Use change of variable $ y=\frac{\pi}{2}-x $ to evaluate a definite integral

Question

It appears in my guide : the title exercise shows me the inicial substitution \begin{align} \int_{0}^{\pi/2}\cfrac{\sqrt{\sin x}\ dx }{\sqrt{\sin x}+\sqrt{\cos x}} & = \int_{0}^{\pi/2}\cfrac{\sqrt{\sin (\pi/2-y)}\ dy }{\sqrt{\sin (\pi/2-y)}+\sqrt{\cos (\pi/2-y)}} \\ & = -\int_{\pi/2}^{0}\cfrac{\sqrt{\cos y}\ dy }{\sqrt{\cos y}+\sqrt{\sin y}} \quad note \ that \sin (\pi/2-y)= \cos y, and \cos(\pi/2-y)=\sin y \\ & = \int_{0}^{\pi/2}\cfrac{\sqrt{\cos y}\ dy }{\sqrt{\cos y}+\sqrt{\sin y}} /* \cfrac{1}{\sqrt{\cos y}} \\ & = \int_{0}^{\pi/2}\cfrac{1}{1+\sqrt{\tan y}} \\ & = \int_{0}^{\pi/2}\cfrac{2u \ du}{\sec^2u(1+u)} \ I \ used \ u=\sqrt{\tan y} \\ & = \int_{0}^{\pi/2}\cfrac{2u \ du}{(\mathrm{u}^{3/2}+1)(1+u)} \ with \quad\sec^2y=\tan^2y-1 \\ \end{align} But I get stuck, I have tried parcial fractions, but it doesn´t work, any step wrong?

Answer 1

You don't need to make that substitution.

Watch closely.
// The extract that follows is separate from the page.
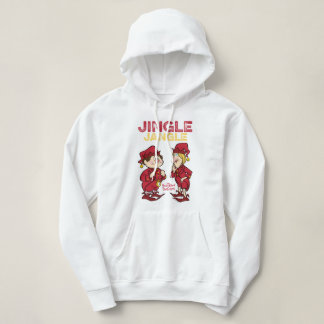 HET JAAR ZONDER SINTERKLAAS™ | Jingle & Jangle Hoodie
At no time do the fingers leave the hands.

$\begin{align} I &=\int_{0}^{\pi/2}\cfrac{\sqrt{\sin x}\ dx }{\sqrt{\sin x}+\sqrt{\cos x}} \\ & = \int_{0}^{\pi/2}\cfrac{\sqrt{\sin (\pi/2-y)}\ dy }{\sqrt{\sin (\pi/2-y)}+\sqrt{\cos (\pi/2-y)}} \\ & = -\int_{\pi/2}^{0}\cfrac{\sqrt{\cos y}\ dy }{\sqrt{\cos y}+\sqrt{\sin y}} \quad note \ that \sin (\pi/2-y)= \cos y, and \cos(\pi/2-y)=\sin y \\ \\ & = \int^{\pi/2}_{0}\cfrac{\sqrt{\cos y}\ dy }{\sqrt{\cos y}+\sqrt{\sin y}} \\ \end{align} $

Adding these two forms, $2I =\int^{\pi/2}_{0}\cfrac{\sqrt{\cos y}+\sqrt{\sin y}\ dy }{\sqrt{\cos y}+\sqrt{\sin y}} =\int^{\pi/2}_{0}dy =\dfrac{\pi}{2} $ so $I =\dfrac{\pi}{4} $.

Note this means that $\int_0^{\pi/2}\dfrac{f(\cos(x))}{f(\cos(x))+f(\sin(x))}dx =\int_0^{\pi/2}\dfrac{f(\sin(x))}{f(\cos(x))+f(\sin(x))}dx =\dfrac{\pi}{4} $.

The $\sqrt{}$ is a McGuffin.